Le groupe Kongsberg est une société publique norvégienne qui développe des solutions dans l’aérospatial, la défense mais aussi dans le domaine maritime pour la marine marchande, l’offshore et l’aquaculture notamment. A l’instar de Boeing, elle inclut également dans son programme de recherche la conception de drones sous-marins autonomes destinés à l’inspection des sites pétroliers ou gaziers. Elle possède déjà une gamme de quatre drones sous-marins. Et elle compte bien ajouter son robot-serpent à son portefeuille de solutions.

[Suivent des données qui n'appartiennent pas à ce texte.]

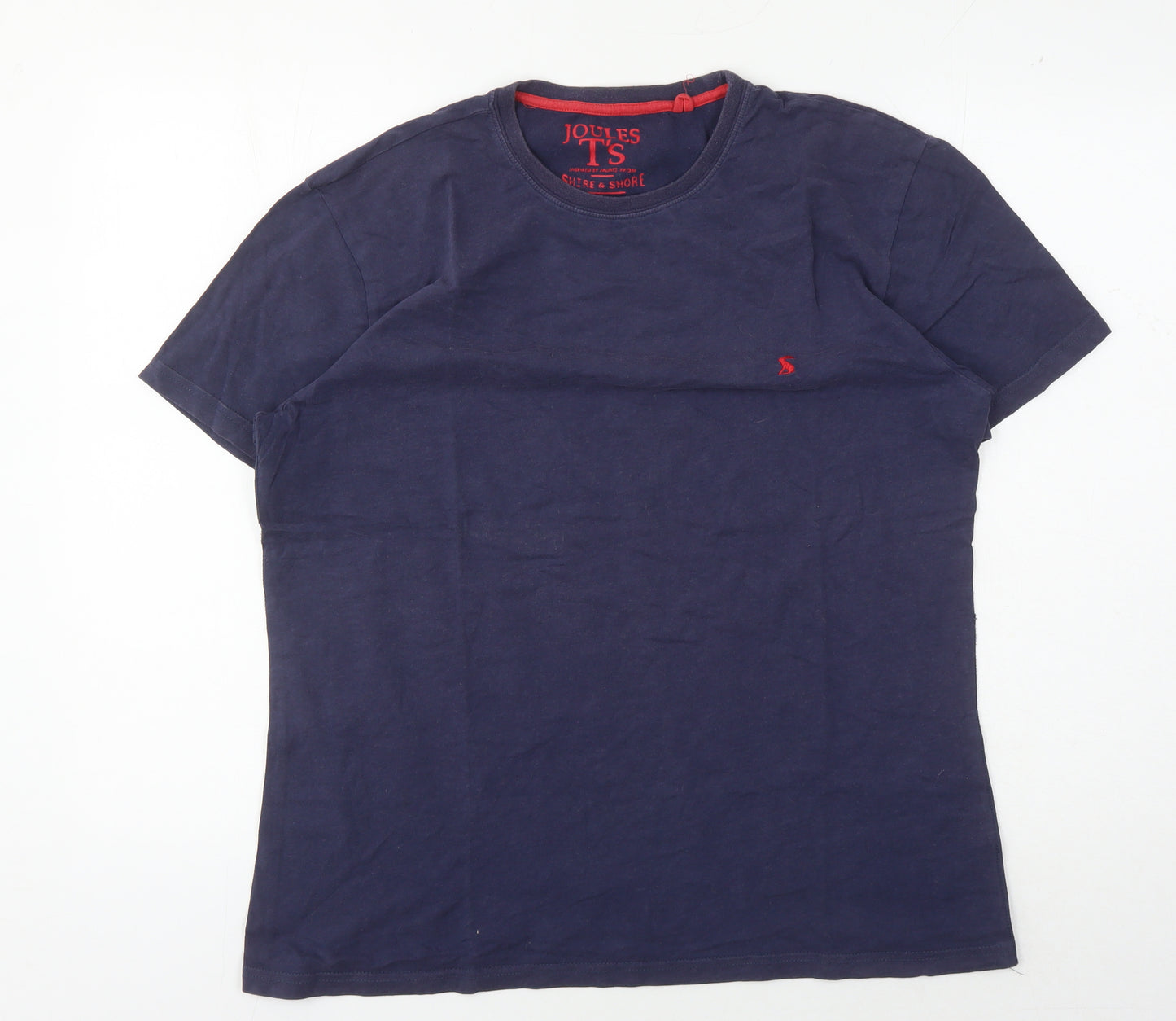 Joules Men's Medium Blue Crew Neck T-Shirt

robot-serpent Eelume Kongsberg Statoil

Eelume robot-serpent Kongsberg

Depuis dix ans, la NTNU et Sintech ont procédé à des recherches scientifiques sur le développement d’un serpent-marin. Objectif ? Réduction des coûts de maintenance des navires et de la main d’oeuvre, mais aussi intervention rapide et légère sur le site. Grâce à sa morphologie serpentine, il peut intervenir dans des endroits confinés, où l’Homme aurait difficilement eu accès. Les robots-serpents d’Eelume pourront être directement intégrés aux plate-formes sous-marines pour opérer les tâches sommaires mais non moins délicates comme l’inspection visuelle, le nettoyage ou bien le réajustement des valves. Des missions qui n’en pèsent pas moins lourd dans le budget de maintenance des groupes pétroliers, du fait de leur répétitivité. « Eelume est un bon exemple de la façon dont la technologie et l’innovation contribuent à la réduction des coûts. Au lieu de recourir à de grands bateaux pour des tâches mineures, nous introduisons un robot flexible qui servira de gardien du fond marin » explique Elisabeth Birkeland Kvalheim, Directrice de la Technologie de Statoil.

Avec propulseurs :

Et sans propulseurs :

Ce projet, c’est aussi l’aboutissement de projets de recherche académique dans le secteur privé. Une transition féliciteé par le CTO d’Eelume, Pål Liljebäck : « Nous passons à présent du champ académique pour entrer dans le monde commercial afin de sécuriser notre place dans le nouveau paysage de l’intervention sous-marine« . Eelume est déjà la cinquième spin-off de la NTNU AMOS (section de l’université dédiée aux véhicules autonomes), et la troisième depuis 2013. Quand le privé s’empare des innovations scientifiques académiques, c’est le signe que les nouvelles technologies arrivent à maturité.